A Gentleman’s Guide to Improving Communication, Healing, and Intimacy
Imagine you are forced upon your stomach and someone is forcing you to do things you never ever wanted to do.
Your power, your will, your autonomy completely stripped from you. If you were powerless to prevent someone from exerting their will upon you, how would you feel? Knowing that the only power you have in this situation is the control of your thoughts, yet your thoughts are scattered and oscillate from moments of the quiet serenity of the smell of your mom’s homemade biscuits and the person who is violently forcing pain upon in spite of your pleas for mercy.
Unfortunately, for far too many women in America, this is a reality.
Sexual assault is a scourge in our society, and as men we have to take a more proactive stance to help those who suffer in this silent hell find peace and healing. It is not the responsibility of the victim of sexual assault to make their partner feel comfortable about their past assault. It is the responsibility of the man to be mindful and engaged in the life of his loved one to help them feel comfortable with sharing their feelings of this living nightmare. There are right ways and wrong ways to talk to your girlfriend about their past sexual assault.
Here is a common example of an ineffective approach…
What NOT to say to your girlfriend about being a victim of this heinous crime
“I had had enough! I had been dating my girlfriend for three months now, and every time I attempted to do something with her sexually she would pull away and have an excuse as to why we could not be intimate. That night something snapped inside and me, and I screamed at her, “What is wrong with you? Why won’t you let me touch you?!” She immediately began sobbing and told me to leave. I left dumbfounded and angry. The next day we met and she told me that the reason that she has problems with sexual intimacy is that five years ago she was raped by a former boyfriend. That really floored me. I was not expecting that at all. We broke up soon after this, and all I could think about was I wish I would have handled that situation differently.”
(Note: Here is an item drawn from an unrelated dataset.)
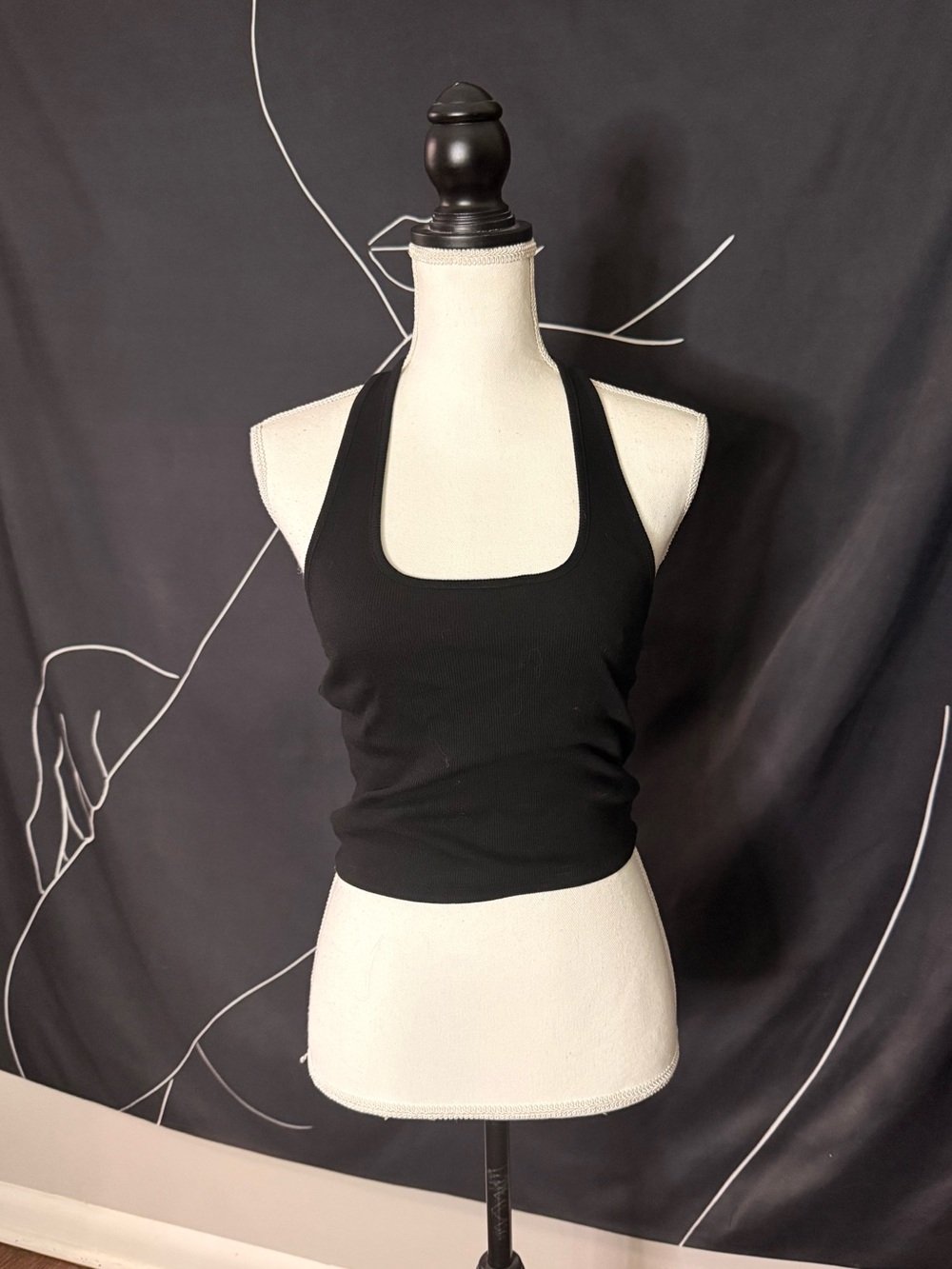 Fashion Nova Black Ribbed Halter Tank Top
That story comes from a client I that I used to work with. He was devastated because a relationship he was really invested in ended because of his insensitivity. This is a prime example of the classic male handicap: looking for the seen and concocting solutions rather than listening and seeking the unseen. Yes, I know that there is no way he could’ve read his girlfriend’s mind to know of her past sexual assault, but in this day and age guys have to be aware of the epidemic of rape and sexual assault that pervades this planet. One in five women in the United States will experience sexual assault at some point in their lives. Any male looking to find a life mate to care for in a committed relationship has to be aware of this fact because one in five is an astronomical number. It means that of every five women that you know, at least one of them have been sexually assaulted. So that means that there are more victims of sexual assault in America than there are Beyoncé fans! Fellas, that should be a wakeup call to all of us, and it speaks to the fact that it is imperative that men are aware of the signs that show that your girlfriend might have been sexually assaulted so that you can prevent the disaster that happened to the man at the beginning of this article. There is no definitive list of signs that someone has been sexually assaulted because everyone processes trauma in different ways; however, there are a few signs that manifest often in victims of sexual assault.
Three Signs That Your Girlfriend Might Have Been Sexually Assaulted
Women who have been sexually assaulted regularly show a strong aversion toward sexual intimacy with partners. If you have been in a relationship with someone and they avoid sexual contact, you might try to address it in a polite way to see what is causing that. It could be anything from being taught that sex is dirty to having been sexually assaulted. Communication leads to understanding, and understanding leads to intimacy. Most people think that intimacy means sexual intercourse. That assumption is far from the truth. The prerequisite to intercourse is communication and a sense of safety.
SOLUTION: Gentlemen, before you try to be intimate with your girlfriend, focus on communicating with her in a way that fosters open discourse and understanding. Ask gentle questions like:
The important thing is to use “I” statements and to not make it seem like it’s her fault, because it absolutely isn’t.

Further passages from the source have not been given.